Scammers are taking advantage of people’s fears over bills to steal personal and banking information. Automated phone calls, and messages sent by text and email, typically tell you that you need to click on a link and log in to make a payment or claim a refund.

In the year to 31 July, HMRC received more than 170,000 reports of scams, of which more than 47,000 involved fake refunds. These happen year-round, but often catch people out around the time of deadlines for self-assessment tax returns.

HMRC says it will never contact you in that way to ask you to claim a refund, or give personal details, and that it never leaves voicemail messages threatening legal action or arrest.

What the scam looks like

Messages can be very convincing and bear the logo and details of HMRC.

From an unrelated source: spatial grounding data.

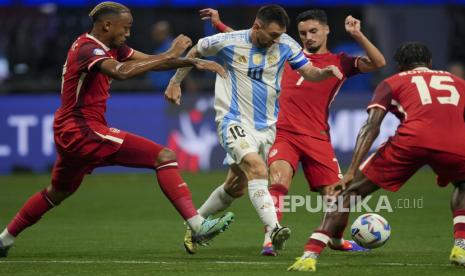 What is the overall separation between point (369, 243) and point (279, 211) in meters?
0.94

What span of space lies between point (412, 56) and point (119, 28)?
2806 millimetres

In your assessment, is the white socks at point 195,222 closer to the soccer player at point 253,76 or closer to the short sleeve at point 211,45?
the soccer player at point 253,76

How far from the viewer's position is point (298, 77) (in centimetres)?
1156

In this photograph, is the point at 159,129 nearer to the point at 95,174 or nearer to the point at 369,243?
the point at 95,174

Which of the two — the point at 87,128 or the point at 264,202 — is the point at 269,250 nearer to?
the point at 264,202

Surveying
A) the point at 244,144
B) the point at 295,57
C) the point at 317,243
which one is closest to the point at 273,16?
the point at 295,57

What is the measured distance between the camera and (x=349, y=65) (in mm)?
11352

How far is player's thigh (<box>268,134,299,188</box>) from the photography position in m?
10.8

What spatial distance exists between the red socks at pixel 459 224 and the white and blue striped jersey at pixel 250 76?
7.43 ft

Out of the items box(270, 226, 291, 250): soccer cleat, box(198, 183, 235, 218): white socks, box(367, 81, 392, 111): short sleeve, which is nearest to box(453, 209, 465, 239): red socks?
box(367, 81, 392, 111): short sleeve

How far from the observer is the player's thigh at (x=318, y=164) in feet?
36.6

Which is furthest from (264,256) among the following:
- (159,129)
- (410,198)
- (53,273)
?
(159,129)

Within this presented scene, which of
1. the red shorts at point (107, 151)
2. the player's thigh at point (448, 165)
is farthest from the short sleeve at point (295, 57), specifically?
the player's thigh at point (448, 165)

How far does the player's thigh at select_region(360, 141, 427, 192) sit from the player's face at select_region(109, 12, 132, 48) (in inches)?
107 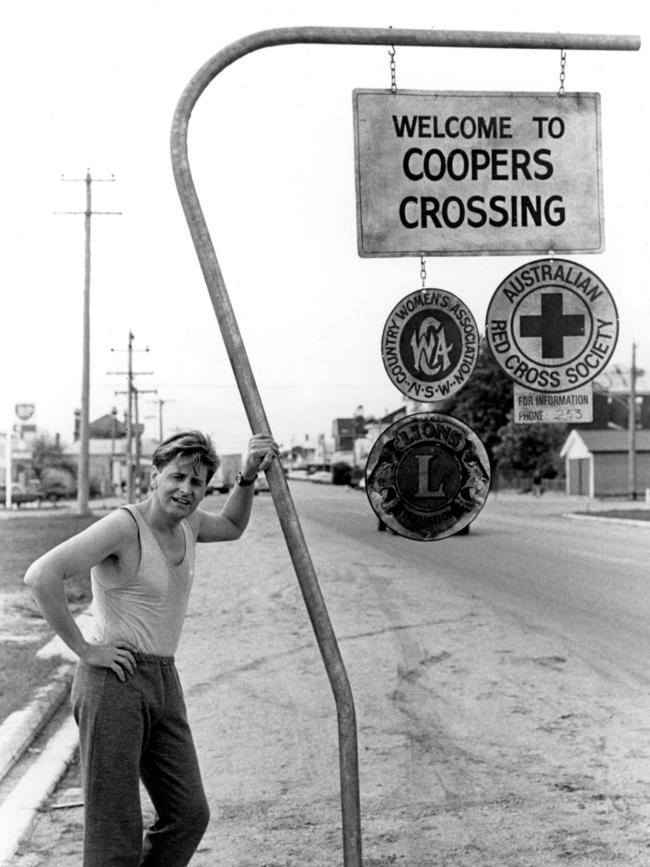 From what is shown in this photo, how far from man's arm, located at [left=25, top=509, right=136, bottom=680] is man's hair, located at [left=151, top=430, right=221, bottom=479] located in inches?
12.4

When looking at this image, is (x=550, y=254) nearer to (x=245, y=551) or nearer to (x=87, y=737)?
(x=87, y=737)

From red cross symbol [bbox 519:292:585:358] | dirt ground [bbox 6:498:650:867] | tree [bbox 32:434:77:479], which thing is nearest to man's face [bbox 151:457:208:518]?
red cross symbol [bbox 519:292:585:358]

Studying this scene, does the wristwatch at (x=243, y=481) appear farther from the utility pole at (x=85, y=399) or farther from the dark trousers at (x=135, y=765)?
the utility pole at (x=85, y=399)

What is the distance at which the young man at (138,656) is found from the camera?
3389 mm

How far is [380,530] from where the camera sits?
2556cm

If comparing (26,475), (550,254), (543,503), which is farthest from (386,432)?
(26,475)

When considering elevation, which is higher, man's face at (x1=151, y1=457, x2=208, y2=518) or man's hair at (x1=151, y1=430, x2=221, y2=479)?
man's hair at (x1=151, y1=430, x2=221, y2=479)

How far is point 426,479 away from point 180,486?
895mm

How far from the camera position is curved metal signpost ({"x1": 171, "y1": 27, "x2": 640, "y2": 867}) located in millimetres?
3355

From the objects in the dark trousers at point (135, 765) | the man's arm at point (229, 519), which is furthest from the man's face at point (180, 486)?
the dark trousers at point (135, 765)

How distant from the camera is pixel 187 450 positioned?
3.68 m

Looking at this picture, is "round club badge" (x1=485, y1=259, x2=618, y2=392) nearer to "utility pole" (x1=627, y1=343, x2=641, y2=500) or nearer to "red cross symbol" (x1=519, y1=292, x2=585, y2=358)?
"red cross symbol" (x1=519, y1=292, x2=585, y2=358)

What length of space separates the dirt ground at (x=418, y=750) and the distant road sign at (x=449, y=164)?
2.59 metres

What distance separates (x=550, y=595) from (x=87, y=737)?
1047 centimetres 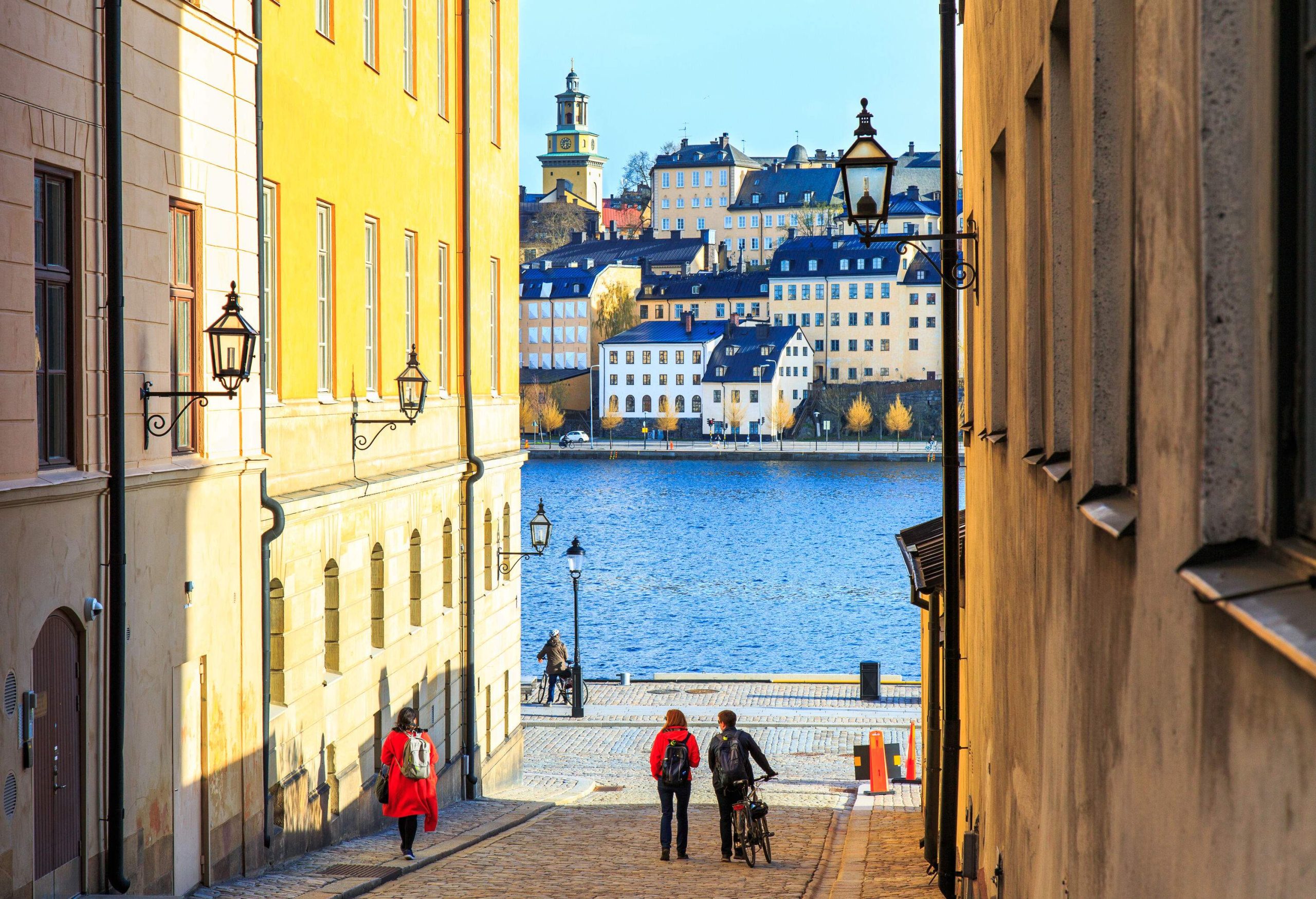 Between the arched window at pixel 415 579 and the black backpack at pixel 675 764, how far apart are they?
6.12m

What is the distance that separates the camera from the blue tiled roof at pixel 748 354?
142000mm

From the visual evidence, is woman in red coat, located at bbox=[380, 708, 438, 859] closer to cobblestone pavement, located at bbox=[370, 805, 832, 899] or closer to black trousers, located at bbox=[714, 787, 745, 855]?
cobblestone pavement, located at bbox=[370, 805, 832, 899]

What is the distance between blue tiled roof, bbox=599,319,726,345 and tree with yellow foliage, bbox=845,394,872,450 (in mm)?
15008

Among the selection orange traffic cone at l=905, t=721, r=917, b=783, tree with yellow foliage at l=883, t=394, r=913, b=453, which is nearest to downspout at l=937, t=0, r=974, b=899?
orange traffic cone at l=905, t=721, r=917, b=783

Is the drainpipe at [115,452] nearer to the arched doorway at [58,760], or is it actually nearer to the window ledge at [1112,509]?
the arched doorway at [58,760]

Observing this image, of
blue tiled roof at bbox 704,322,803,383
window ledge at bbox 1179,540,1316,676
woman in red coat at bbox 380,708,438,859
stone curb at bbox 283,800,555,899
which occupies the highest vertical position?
blue tiled roof at bbox 704,322,803,383

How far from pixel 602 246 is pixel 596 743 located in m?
147

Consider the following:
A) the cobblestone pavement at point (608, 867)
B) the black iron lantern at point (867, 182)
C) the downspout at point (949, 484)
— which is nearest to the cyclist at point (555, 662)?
the cobblestone pavement at point (608, 867)

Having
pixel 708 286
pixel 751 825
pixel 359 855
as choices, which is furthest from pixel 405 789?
pixel 708 286

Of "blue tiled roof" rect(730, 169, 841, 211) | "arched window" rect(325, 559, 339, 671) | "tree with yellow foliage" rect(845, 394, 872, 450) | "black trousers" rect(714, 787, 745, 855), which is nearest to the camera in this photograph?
"black trousers" rect(714, 787, 745, 855)

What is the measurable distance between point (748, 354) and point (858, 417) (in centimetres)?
1161

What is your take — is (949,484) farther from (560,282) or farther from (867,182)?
(560,282)

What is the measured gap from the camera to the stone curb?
1241 cm

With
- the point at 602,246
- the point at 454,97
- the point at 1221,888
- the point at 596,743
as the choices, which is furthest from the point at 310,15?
the point at 602,246
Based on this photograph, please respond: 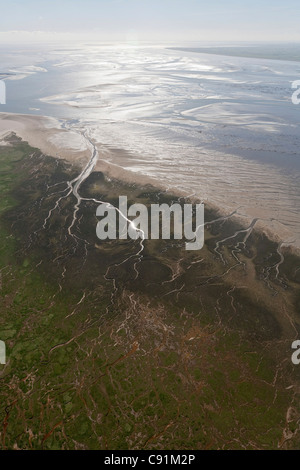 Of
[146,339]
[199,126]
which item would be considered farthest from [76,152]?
[146,339]

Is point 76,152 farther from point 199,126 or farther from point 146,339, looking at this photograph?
point 146,339

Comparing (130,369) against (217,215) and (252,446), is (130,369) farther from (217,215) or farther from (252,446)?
(217,215)

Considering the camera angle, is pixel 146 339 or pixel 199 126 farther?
pixel 199 126

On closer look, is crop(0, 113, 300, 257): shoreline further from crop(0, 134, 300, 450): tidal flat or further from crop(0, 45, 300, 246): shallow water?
crop(0, 134, 300, 450): tidal flat

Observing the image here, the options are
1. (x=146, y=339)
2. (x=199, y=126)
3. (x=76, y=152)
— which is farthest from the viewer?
(x=199, y=126)

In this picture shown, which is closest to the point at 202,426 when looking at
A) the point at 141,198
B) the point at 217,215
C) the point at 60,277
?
the point at 60,277

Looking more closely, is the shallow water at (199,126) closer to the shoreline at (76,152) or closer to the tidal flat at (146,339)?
the shoreline at (76,152)

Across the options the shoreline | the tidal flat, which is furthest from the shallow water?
the tidal flat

How emails from scammers can look. Photograph: HMRC

They will tell you to act quickly so you feel panicked into responding.

Scammers often try to invoke a sense of urgency. Photograph: HMRC

There will be a link, and the website it takes you to may also be very convincing. However, check the URL and it won’t be an official gov.uk address.

Caller ID can be spoofed so it appears that it is genuinely HMRC getting in touch.

What to do

If you think you may genuinely be owed a refund, or are concerned that you have underpaid, you can find out via your tax account.

HMRC lists the areas that it may want to contact people about, and the ways in which it may do so. You can check this list to find out what details appear on genuine messages.

Report scam messages to HMRC. You can forward emails to phishing@hmrc.gov.uk and texts to 60599.

Do not trust caller ID. Put the phone down and call back later, or check your account online.